After the self-indulgent train-wreck that was Full Frontal, Steven Soderbergh reunites with George Clooney, with whom he previously made Out of Sight and Ocean’s 11, his most pleasurable movies in my humble opinion. Once again, Soderbergh taps into Clooney’s considerable wit and charm to irresistible effect… but only for a few flashbacks. Clooney only gets to be easygoing for a small part of “Solaris”, otherwise most concerned with being a solemn adaptation of Stanislaw Lem’s novel, which had already been filmed in 1972 by Andrei Tarkovsky. The plot revolves around Chris Kelvin (Clooney), a psychologist still grieving for his late wife (Natascha McElhone) who is summoned by an old friend (Ulrich Tukur) to the mysterious planet Solaris, where strange phenomena have been happening. Indeed, soon after he arrives Kelvin finds himself face to face with his wife Rheya. Is this for real? Is she alive? Is she even human?

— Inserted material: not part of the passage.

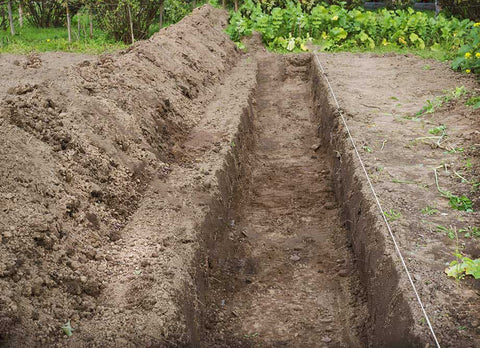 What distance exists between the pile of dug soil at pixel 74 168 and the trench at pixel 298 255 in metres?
0.84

These are some of the questions “Solaris” explores but deliberately doesn’t quite answer, keeping things interestingly ambiguous. Soderbergh, acting as writer, director and cinematographer (under the pseudonym Peter Andrews) has made a very brainy, non-commercial film, for better or worse. I appreciated the sobriety with which the science-fiction elements are introduced, with the characters (and the film) taking all the cool design and innovations for granted instead of showing them off like expensive special effects. I also liked how Solaris itself is a protagonist (antagonist?), the electric purples and pinks of its surface ominously supervising events. Composer (and former Red Hot Chili Peppers drummer) Cliff Martinez also does a great job, his post-rock score perfectly heightening the dialogue-free sequences.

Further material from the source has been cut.